By Rep. Steven Mentzer
Prior authorization is a requirement that physicians obtain approval from insurers before moving forward with a specific treatment, performing a test such as an MRI or prescribing medication. While this may not sound like a difficult issue, in fact it is. When you are sick or in pain, not having a well-defined prior authorization procedure can create additional healthcare problems.
Another issue, similar to prior authorization, is “step therapy”. This is where an insurance company requires patients to try, and fail, on one or more prescription drug or treatment options chosen by their insurance company before gaining access to the drug, test, or treatment option that was originally recommended by their physician.
Here are just a few examples of how these systems, when inefficient, delay care:
• The Pittsburgh Post-Gazette featured a man from Indiana County (Pa.) whose insurance company delayed approval of an MRI after he tore his rotator cuff in a fall – a decision that delayed treatment by 16 weeks and may have done lasting damage to his shoulder.

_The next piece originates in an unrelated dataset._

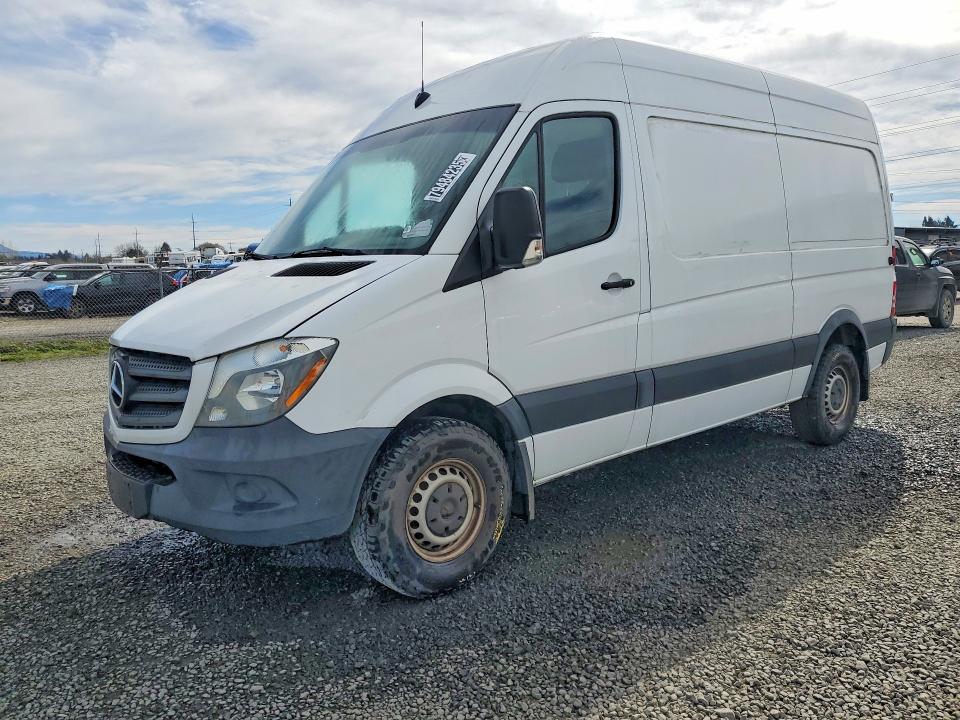 59712756 :رقم المزاد ، WD3PE7CD4HP529231 vin ، 2017 Mercedes-benz Sprinter مزاد بيع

• In another example, a teenager from Middletown received delayed care for his juvenile idiopathic arthritis. His mother wrote in PennLive about the persistence she needed to finally get approval, calling her insurance providers every business day for nearly a month. The day it was approved, the mother took the day off from work and stayed on the phone for three hours.
Insurance plans say they use these processes to control health care costs and I applaud all efforts to keep these costs under control. That being said, I say that controlling costs should not have to come at the expense of patient care. Unfortunately, there are signs that it is: more than one in four doctors said delays from prior authorization have led to serious adverse events for their patients, according to a survey from the American Medical Association.
I have put forth commonsense reforms to these systems through the introduction of House Bill 1194. They are designed to improve these systems – not discard them – so that prior authorization and step therapy can work better for everyone.
It will ensure that patients and health care professionals can access a more efficient electronic prior authorization system. It sets deadlines for how long an insurer can take to respond to a prior authorization request.
It also establishes a basic framework for when it is medically appropriate to exempt patients from step therapy.
House Bill 1194 has the backing of the American Cancer Society’s Cancer Action Network, the Pennsylvania Medical Society, and The Hospital and Healthsystem Association of Pennsylvania.
My hope is that it will allow you to access the care you need without costly delays and potentially harmful impacts.
Lancaster County resident Steven Mentzer represents the 97th District in the Pennsylvania House of Representatives.